Seriously, why don’t they just ask each other out, fall into bed, and begin plans for spending the rest of their lives together?

The answer to that question is your conflict. And most of us wouldn’t refuse to commit because of a flaw. There’s something deeper in us that causes us not to want to commit to someone.

Now, there are all kinds of workshops on conflict. So we’re not going to get into internal and external stuff.

We’re going to talk about the real, bottom line reason two people wouldn’t just fall into each others’ arms on page one and commit for life.

INCORRECT CORE BELIEFS.

What are incorrect core beliefs? Maybe we should start with just plain core beliefs? (LOL)

A core belief is a broad and general conclusion a person comes to as a result of life experience. We create these core beliefs and use them as a sort of shorthand for how to live our lives. According to Tony Robbins (and about a billion psychiatrists) we do everything to avoid pain and/or gain pleasure. So these beliefs we create are used to either help us avoid pain or gain pleasure.

Think back to your 21st birthday. If your friends took you out and got you rip-roaring drunk and you don’t remember the last hour of the night, but woke up on your bathroom floor naked and bruised…You’d probably create a core belief or two about drinking…or maybe about getting totally drunk.

You probably would think, Wow, getting drunk is dangerous. I’m not doing that again.

Then on Saturday when you had a date with a guy you only met, you wouldn’t order the El Presidente Margarita at Chilli’s. You’d get a draft. A small one.

Or you might scare yourself so silly that you’d never drink again!

But, the point is, you wouldn’t sit in the booth staring at the waitress, reliving your entire getting drunk experience. You’d have a core belief that said, getting too drunk is dangerous, and you would simply either order no booze or something small. It wouldn’t be a big deal. It wouldn’t even be a thirty-second blip in your brain.

That’s the power of a core belief.

Whatever your core beliefs, they are based on your life experience and you believe they are correct. You also believe they protect you. Or make your life easier to manage. It – literally – would take something earth-shattering to change them. Most of them you wouldn’t want to change. You believe they are correct. LOL THAT’S WHY YOU HAVE THEM. YOU GENUINELY BELIEVE THESE BELIEFS ARE NECESSARY FOR YOU TO LIVE A LIFE WITH AS LITTLE COMPLICATION/TROUBLE AS POSSIBLE. Without these beliefs, you believe you would be hurt…So you cling to them, guide your life with them, use them to make critical decisions. You wouldn’t change them on a whim.

The same should be true for your characters.

Your characters' core beliefs have to be so firmly rooted it would take something earth shattering to change them…and when it comes to a conflict strong enough to sustain a romance novel, there has to be something strong enough and personal enough that it would preclude the character permanently committing to someone.

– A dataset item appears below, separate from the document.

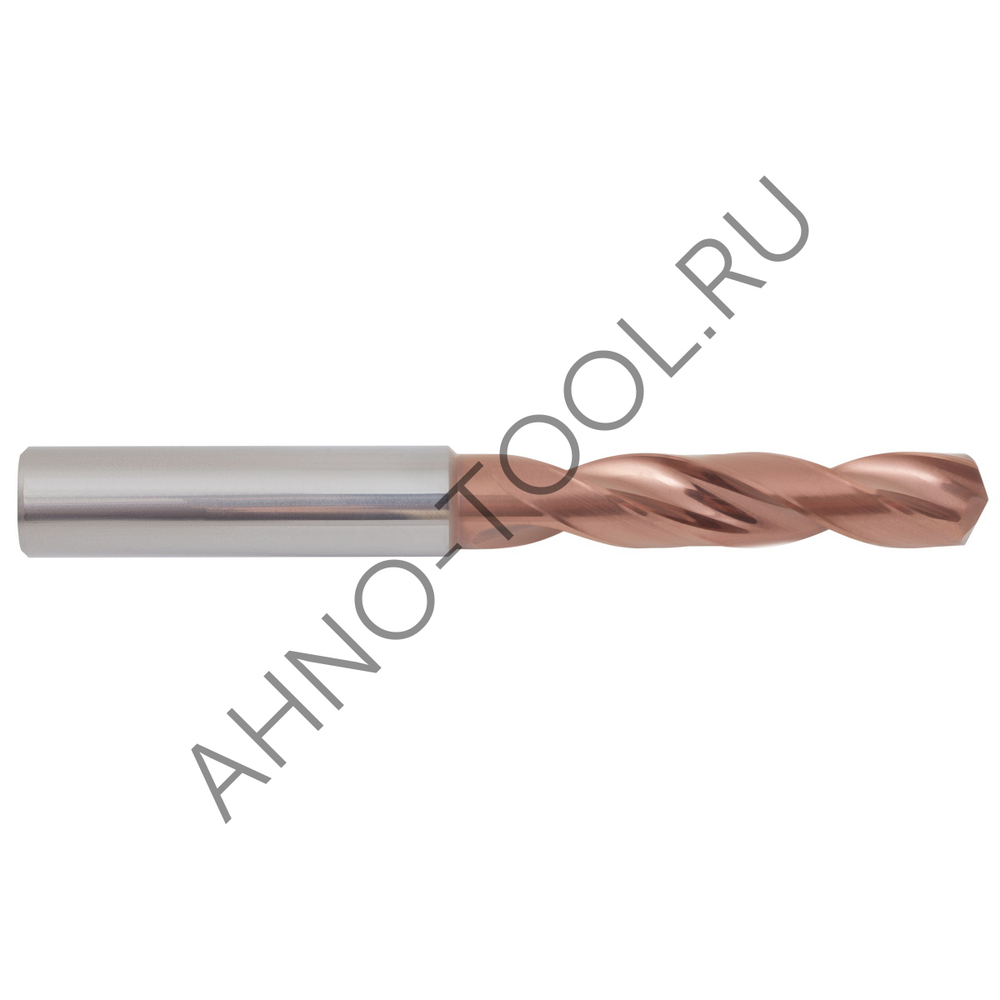 Сверло 10.4мм  твердосплавное 3D без подвода СОЖ. SP-X800031040 VHM AHNO по стали, чугуну, нерж. и ж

THAT creates your internal conflict.

So where do you find your character’s incorrect core belief … especially the one that keeps him or her from committing to someone for life? From your characters’ pasts.

This includes not just things they’ve done, but also things they’ve been taught and things they’ve seen other people do.

If you have a hero who has seen ten failed marriages of his friends who thinks marriage is a trap that ends in tragedy, who meets a woman who needs the commitment of a marriage because she grew up in a single-parent home, these two are going to conflict.

Conflict basically boils down to an incorrect core belief a hero or heroine has about trust.

I can’t trust myself.
I don’t trust women.
I don’t trust life.

For instance: If you’ve created a hero in his thirties, who has never married, he’s got to be the unluckiest guy in the world – never to have met a girl he wanted to marry – or he’s got a core belief that prevents him from marrying. And there’s a reason for that core belief!

A. He might have been hurt. (Can’t trust women.)
B. His dad could have been unfaithful – making him wonder about himself. (Can’t trust himself.)
C. He might have seen three or four awful marriages of his friends. (Can’t trust life! The institution of marriage doesn’t work. So he’s not going to participate!)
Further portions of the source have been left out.